Ambs: Antisemitismus benötigt nicht zwangsläufig das Wort Jude, um als solcher identifiziert zu werden. Das funktioniert oft auch über Chiffren und Bilder. Die Chiffren hier sind Vergnügungsviertel Auschwitz, Dachau, Gestapo-Keller. Hier stehen sozusagen "nur"  Nazi-Gewaltphantasien, die aber, so dargeboten, natürlich sowohl eine Verhöhnung der ermordeten Juden sind, als auch letztlich eine Verherrlichung der NS-Ideologie beinhalten, und deren zentrales Anliegen war ja die Vernichtung der Juden. Und natürlich macht so was Angst. Mangelnde Bildung kann man hier ausschließen, - das dokumentiert das Flugblatt ja quasi selbst, - es ist nur mangelnde Empathie, mangelnde Reflexion, mangelnder Anstand.

Ist das eine Jugendsünde von Aiwanger? Oder beobachten Sie da eine Kontinuität?

Ambs: Oh, ich finde es passt zu vielen seiner Äußerungen der letzten Jahre. Deswegen würde ich ihm eine Entschuldigung, die es ja bisher auch nicht gegeben hat, ohnehin nicht abnehmen. Ich erinnere mich noch daran, wie er 2012 mit Beatrix von Storch den Euro-Rettungsschirm stoppen wollte und dabei ausgerechnet der neurechten "Jungen Freiheit" ein Interview gab und die Kanzlerin Angela Merkel als "altes Schlachtross" bezeichnete. Derlei zieht sich durch die letzten Jahre. Die pauschale Migrantenschelte nach den Ausschreitungen zu Silvester oder auch in den letzten Monaten hat er immer wieder Dinge von sich gegeben, die stark an neurechte Verschwörungstheorien erinnern. So hat er beispielsweise bei Lanz behauptet, Deutschland sei nur formal eine Demokratie, dominiert von linken Eliten und er hat dazu aufgefordert, sich die Demokratie zurück zu holen... - das ist im Grunde Antisemitismus in Neusprech. Er hat gelernt, dass man Nazis nicht mehr gut finden kann, aber inhaltlich sehe ich da doch deutliche Kontinuitäten. 

Autorin Ramona Ambs vermisst in der Verteidigung Aiwangers die Empathie mit den Holocaustopfern.

Wie kann jemand Verantwortung übernehmen? 
 
Ambs: Was mich in all diesen Debatten  immer wieder deprimiert, ist die vorhersehbare Komposition der Abläufe.
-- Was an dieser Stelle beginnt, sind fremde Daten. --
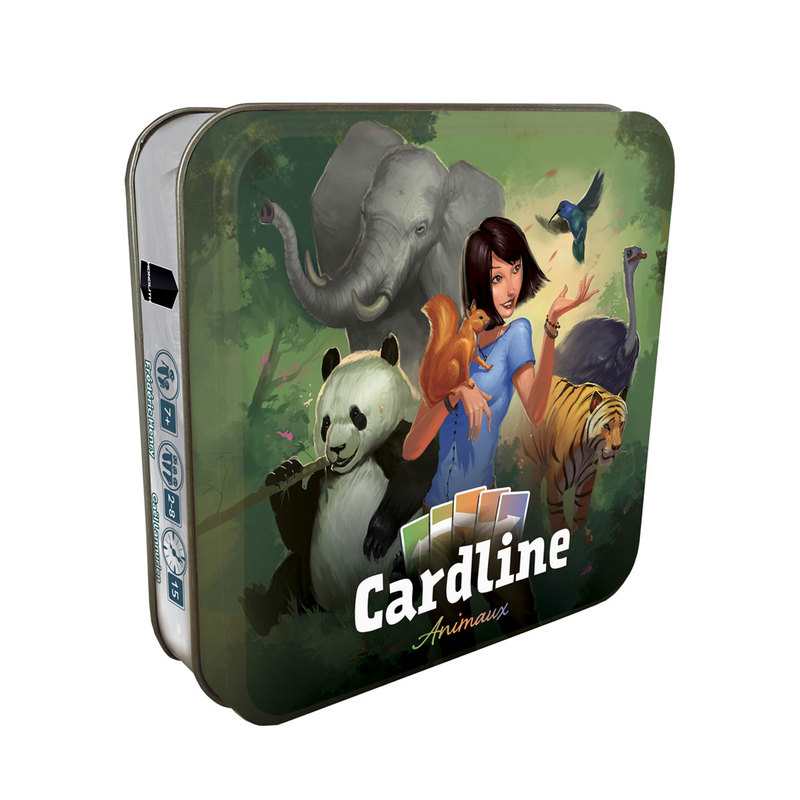 Jeu de société Cardline Animaux Asmodée
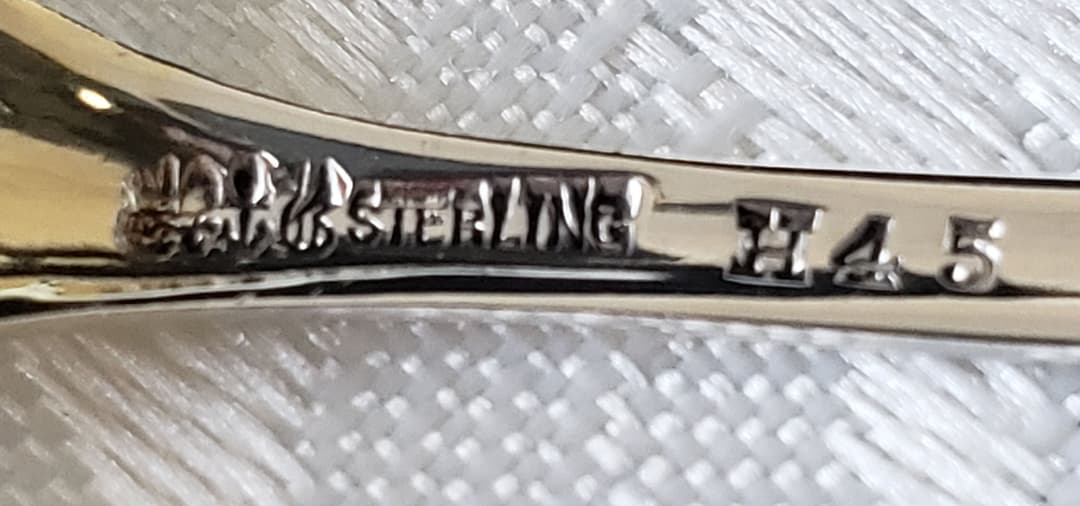 純銀 スターリング ゴーハム ② ボンボンスプーン キャディースプーン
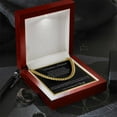 thumbnail image 2 of You're my king - Cuban Chain, Cuban Link Chain, Stainless Steel or Yellow Gold, Message Card & Gift Box, 2 of 5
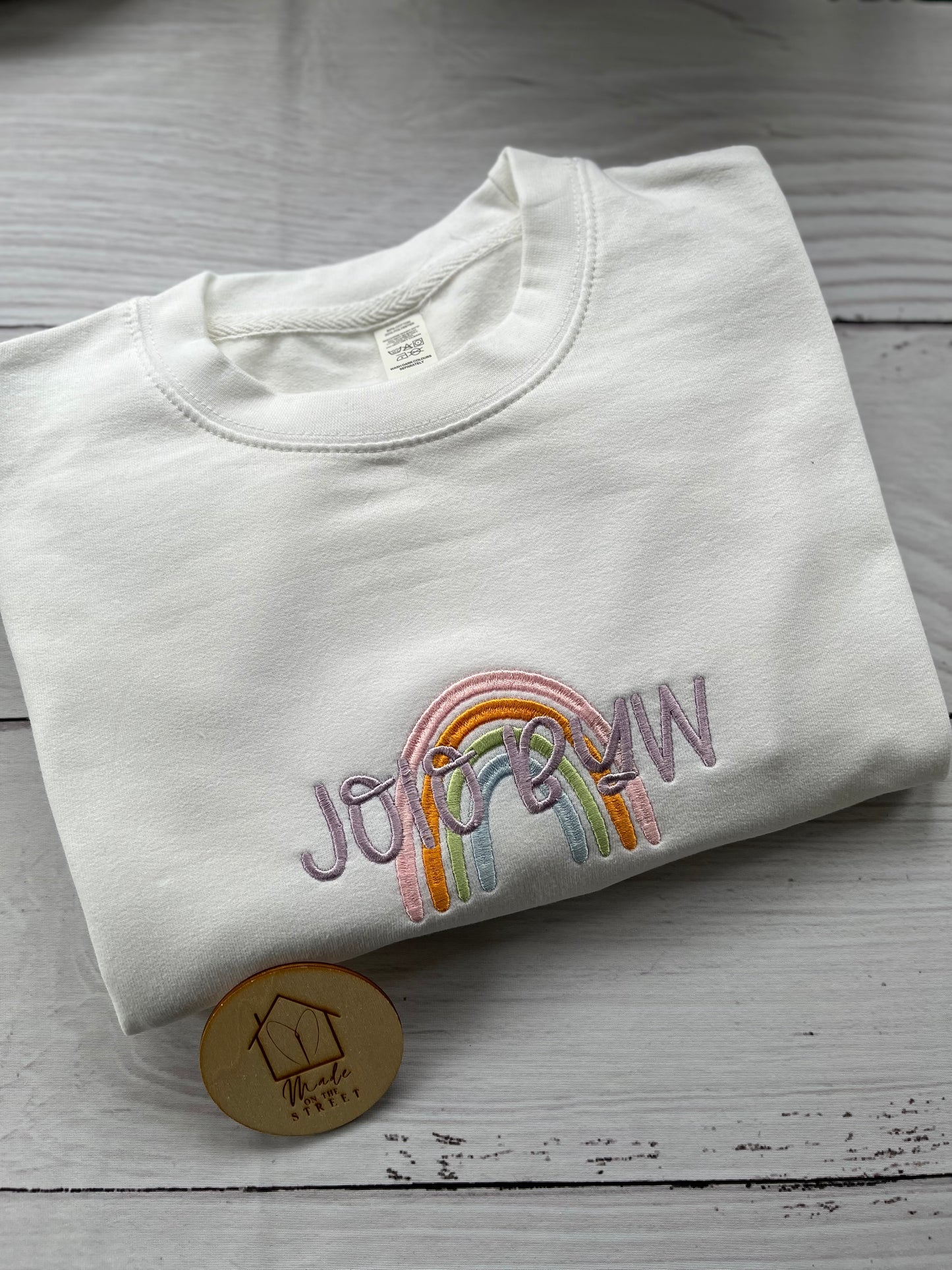 Siwmper Joio Byw Enfys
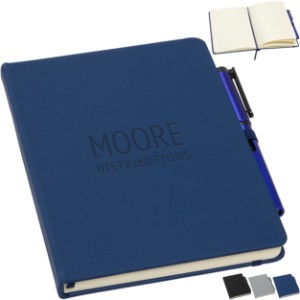 Quorom Soft Touch Journal w/ Matching Color Gel Pen, 5-3/4" x 8-3/8" - AR9870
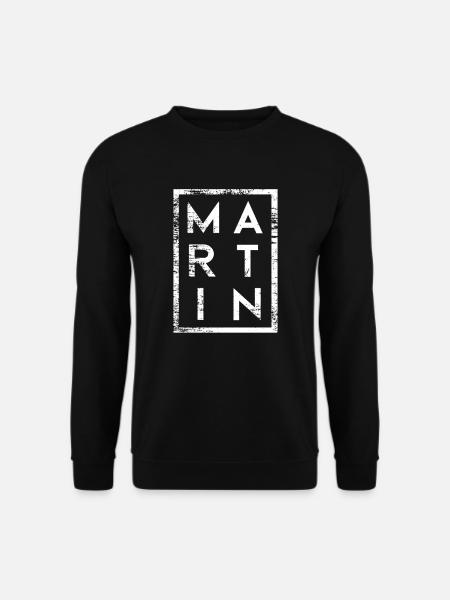Martin Minimalism - Unisex Sweatshirt - black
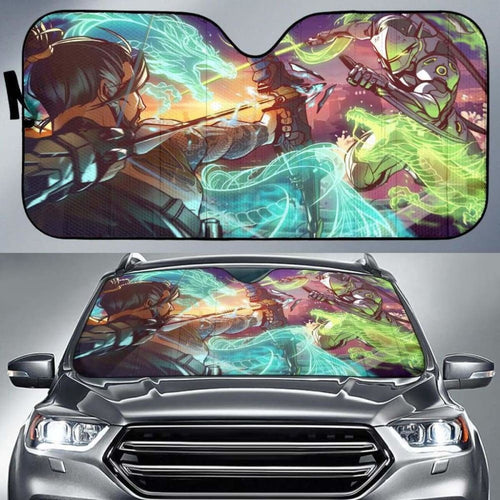 Overwatch Car Sun Shade 918b Universal Fit - CarInspirations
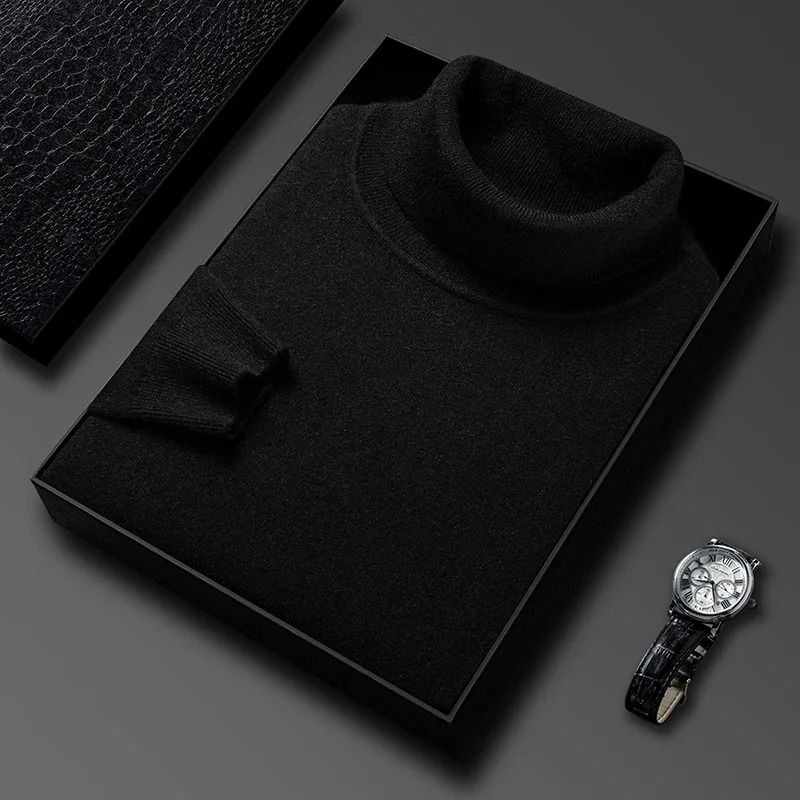 Mens Slim Fit Turtleneck Sweater Anti Pilling Knit Pullover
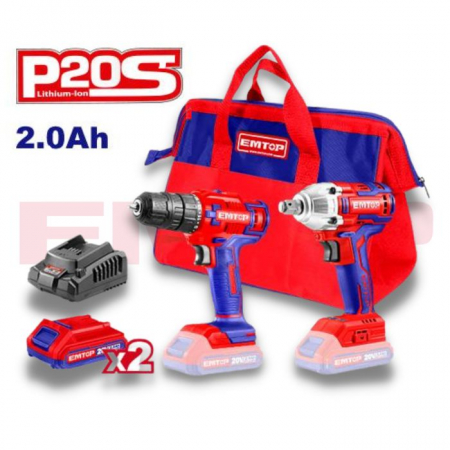 SCULE ELECTRICE - EMTOP SET 2 BORMASINI 20 V ECKL2006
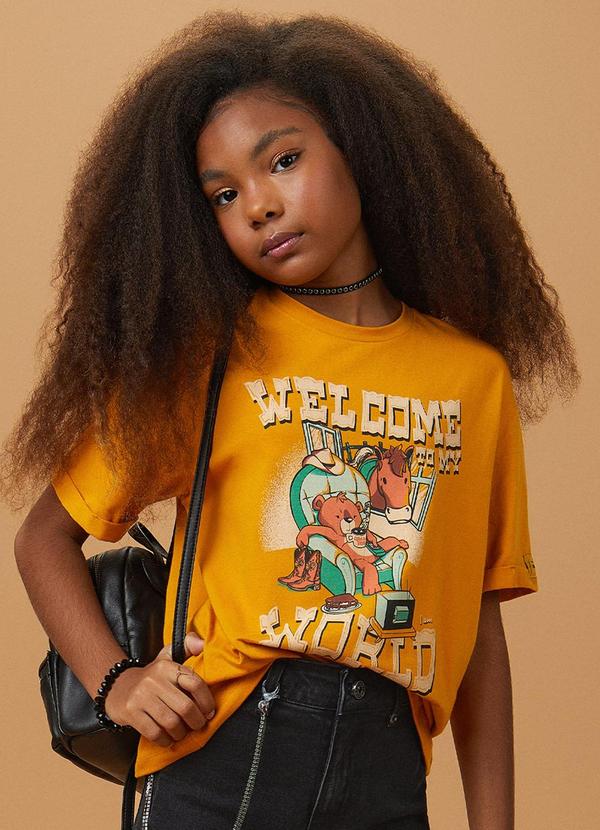 I Am - T-Shirt Amarelo Estampada Amarelo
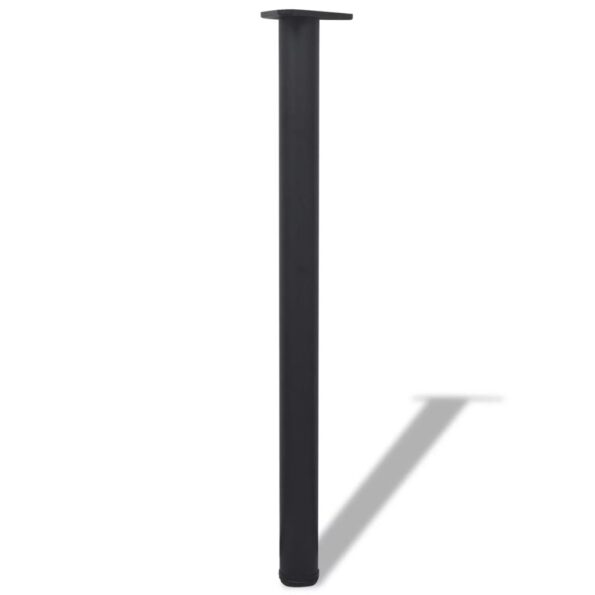 4 výškovo nastaviteľné stolové nožičky čierne 870 mm – Obrázok 2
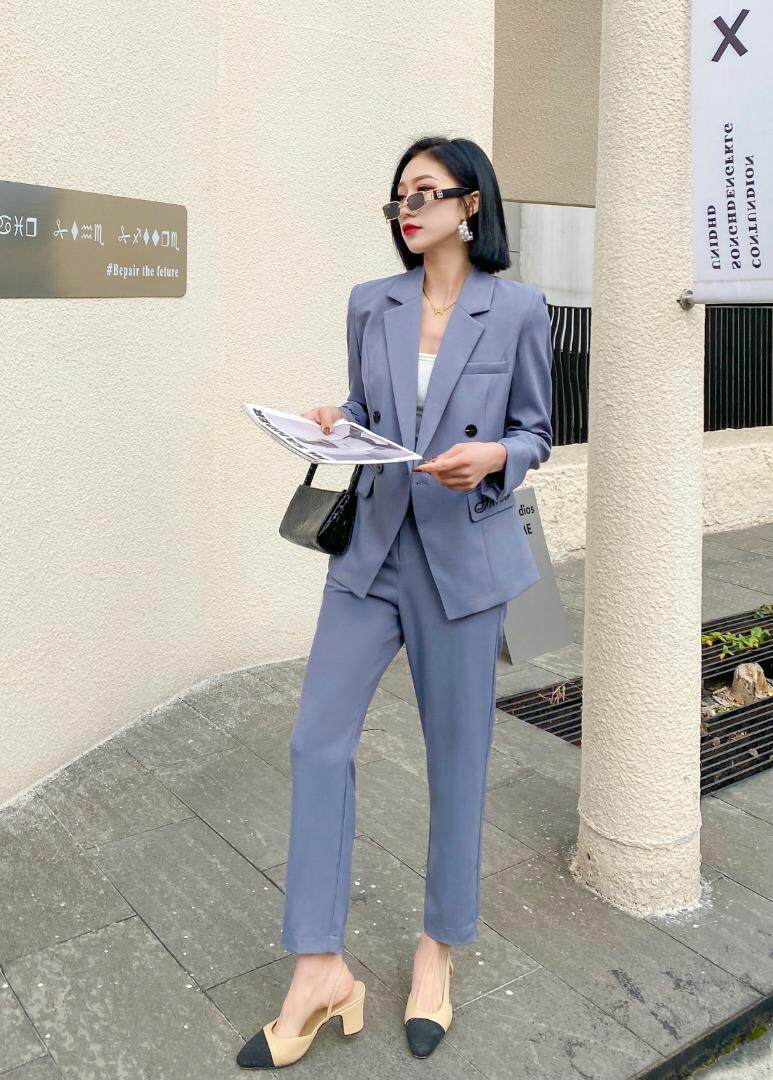 刺绣款西装套装，女装西装，斯瑞威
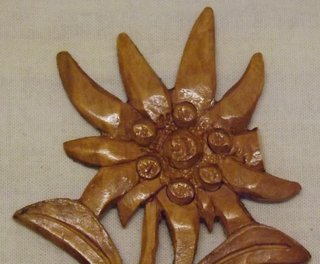 Tagliacarte Edelweiss Legno Artigianale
Ähnlich einer Sinfonie. Der linke Antisemitismus wird erst in einer konservativen Zeitung angeprangert und publiziert, der rechte Antisemitismus hingegen von eher linken Blättern. Die jeweils andere Seite springt dem jeweils Beschuldigten erstmal bei, relativiert, was das Zeugs hält und unterstellt den Aufklärern eine Kampagne. Das ist die Tonika. Im zweiten Akt dann trudeln die Restinformationen und Erklärungen ein. Im dritten Teil wird dann um einen Rücktritt rumgetänzelt ... ein Scherzo oder Menuett. Und am Ende steht das schnelle Finale in der Grundtonart. Fertig ist die Sinfonie der Antisemitismusdebatte. 

Was wünschen Sie sich?

Ambs: Was nie passiert: dass sich Beschuldigte - und es ist wirklich egal, welche politische Couleur sie tragen - mal selbstkritisch hinstellen und sagen: Ja, da hab ich wirklich Mist gebaut. Es tut mir aufrichtig leid. Ich habe es aus dieser oder jener Motivation heraus getan, etc... Und da dies nie passiert, wird auch nie über den Antisemitismus oder die Menschenfeindlichkeit selbst gesprochen, sondern es findet das statt, was die Forschung als "sekundären Antisemitismus" bezeichnet: Schuldabwehr, Relativierungen, Täter-Opfer-Umkehr... am Ende steht meist ein Rücktritt, ein Abbau von Kunstwerken oder eben auch nicht. Als sei es damit wieder gut und erledigt. Aber darüber geredet, warum das immer wieder passiert und was das mit uns allen macht, das findet nicht statt. Denn dafür müsste ja jeder bei sich selbst anfangen... aber dafür ist man insgesamt zu mutlos.